一般に、発電プラントでは、ボイラで発生させた蒸気を用いて蒸気タービン内のロータを回転させることにより発電が行われる。発電プラントは、蒸気タービンから排出された蒸気を冷却する復水器を備えており、この復水器で蒸気を凝縮した後に、得られた復水を給水ポンプ等によって再度ボイラに送込んで循環させる構成になっている。
復水器では、内部に配設された復水管に冷却水を流し、蒸気と冷却水とを熱交換させることによって蒸気の冷却が行われる。また、復水器には、復水器内の空気を抽出する空気抽出器が接続されており、復水器と空気抽出器の間にある空気抽出調整弁の開度を調整することによって、復水器の真空度を制御できるようになっている。
復水器の真空度は、蒸気タービンの排出側の真空度と概ね同じ値になるため、復水器の真空度を適切に設定することにより、蒸気タービンの効率を最適化することができ、発電プラントを安定させると共に稼動効率を向上させることが可能になる。
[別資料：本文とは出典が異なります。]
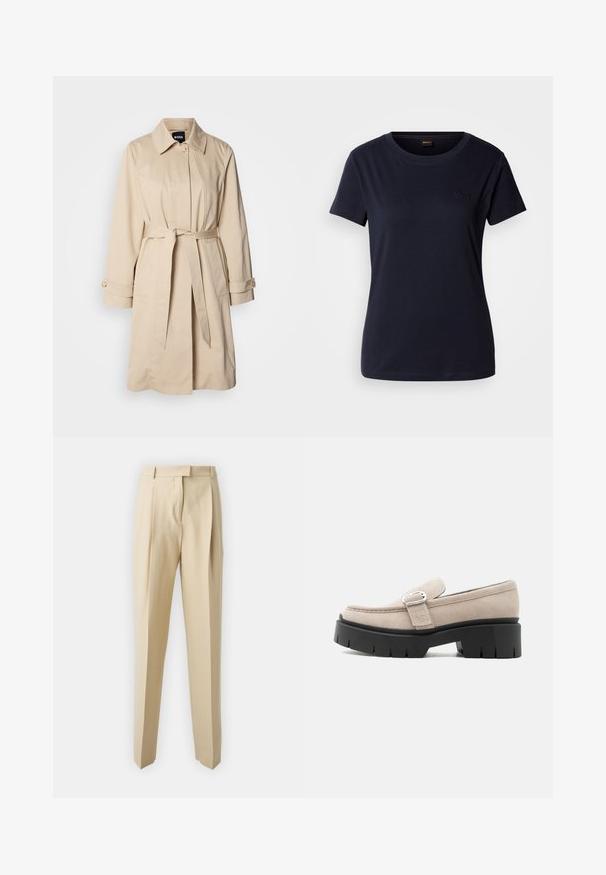 Beige trenchcoat med bælte i taljen, knaplukning ved ærmerne og krave. Fremstillet af glat, letvægtsstof.; Mørkeblå kortærmet T-shirt lavet af bomuld, med rund hals og et lille broderet logo på brystet. Glat tekstur.; Beige skrædderbukser med lige snit, der har læg, en taljeværdig og en glat tekstur. Ingen synlige lommer eller udsmykninger.; Beige ruskindslipper med sølvspænde og tyk sort kraftig sål, set fra siden på hvid baggrund.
特許文献1には、復水器の真空度を検出する真空度検出器を用いた復水器真空度制御技術が開示されている。この復水器真空度制御技術では、蒸気タービンの起動時において、真空度検出器で検出した復水器の真空度に基づいて、復水器の真空度を所定の設定値に設定するように自動制御することが可能である。
特開平5−113294号公報
しかしながら、上記特許文献1の復水器真空度制御技術は、蒸気タービンの起動時など、特定される操業に対しては有効であるが、例えば日々プラント負荷の上げ下げを行う発電プラントに適用した場合等には、その度毎に復水器の真空度の設定値を設定し直す必要があり、操作が面倒である。
また、予め設定された負荷に対しては蒸気状態が予測可能であるため、真空度の設定値も予め予測した値を使用することができるが、設備トラブル等の何らかの事由で予定外の負荷で発電プラントを運転する必要がある場合には、実際の蒸気状態と予測した蒸気状態との間のずれから復水器の真空度が不適切に設定されてしまう恐れがある。復水器の真空度が不適切であると、タービン排気蒸気の湿り度が高くなり(即ち、乾き度が低くなり)、蒸気タービンの例えば最終翼等へ水滴によるエロージョンが発生して設備が損壊する危険がある。
本発明は上記課題に鑑みてなされたものであり、蒸気タービンの蒸気状態が変動する場合にも復水器の真空度を適切に設定可能な復水器真空度制御技術を提供することをその目的とする。
上記課題を解決するために、本発明によれば、蒸気タービンから排出された蒸気を復水する復水器の真空度を制御する復水器真空度制御システムであって、前記復水器に空気抽出管を介して接続された空気抽出器と、前記空気抽出管に設けられた空気抽出調整弁と、
前記蒸気タービンに流入する蒸気の温度を検出する温度検出器と、前記蒸気タービンに流入する蒸気の圧力を検出する圧力検出器と、前記温度検出器及び前記圧力検出器に接続された制御装置と、を有し、前記制御装置は、式(1)〜式(8)より前記復水器の真空度を算出し、前記復水器の真空度が前記算出した真空度以下になるように前記空気抽出調整弁の開度を制御することを特徴とする、復水器真空度制御システムが提供される(ただし、真空度をPC 、飽和温度をTC 、蒸気の比エンタルピーをi、飽和温度TC の飽和水の比エンタルピーをi’、蒸気圧力PC の乾き飽和蒸気の比エンタルピーをi’’、許容可能な乾き度X における比エントロピーs、は飽和温度TC の飽和水の比エントロピーをs’、蒸気圧力PC の乾き飽和蒸気の比エントロピーをs’’とする)。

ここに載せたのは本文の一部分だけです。